An incandescent debut about young adults learning how to care for themselves — from within the limits of the psychiatric system

Perfect for fans of Tove Ditlevsen and devotees of Sylvia Plath


In honest, crackling investigations of the psychiatric system and the young people trying to find their way, Gråbøl’s soaring debut offers a critique of institutionalization and an urgent recalibrating of the language and conceptions of care.

“I’m not inarticulate, but I leave language to the room around me,” says Fine Gråbøl’s nameless narrator as she dreams of furniture flickering to life in the room she occupies at a temporary psychiatric care unit for young adults. A chair that greets you, or shiny tiles of floor that follow a peculiar grammar of their own. Our narrator is obsessed with the way items rise up out of their thingness, assuming personalities and private motives. She also cannot sleep, and practices her daily routines with the urgency of survival – peeling a carrot, drinking prune juice – all an acutely calibrated exploration into having a home.

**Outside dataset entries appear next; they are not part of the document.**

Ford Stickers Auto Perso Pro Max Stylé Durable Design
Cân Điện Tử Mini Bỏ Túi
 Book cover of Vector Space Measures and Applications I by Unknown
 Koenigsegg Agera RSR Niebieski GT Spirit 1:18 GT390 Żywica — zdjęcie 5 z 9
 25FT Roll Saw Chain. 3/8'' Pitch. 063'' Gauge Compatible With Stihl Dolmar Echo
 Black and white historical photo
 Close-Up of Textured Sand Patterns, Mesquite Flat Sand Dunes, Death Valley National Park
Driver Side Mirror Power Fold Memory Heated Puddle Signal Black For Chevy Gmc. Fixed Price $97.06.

Structured as a series of intimate vignettes like those of Olga Ravn, What Kingdom thrums with the swirling voices of this shared home. Hector blares Michael Jackson from the recreation room and recalls a past in Peru when his psychoses were treated with exorcism. The town would shake the devil out of his small, teenage body before he was relocated to Denmark. Or Marie, who has lived in the temporary unit since she was eighteen, has no idea that her mother lives just four floors below in a permanent care unit.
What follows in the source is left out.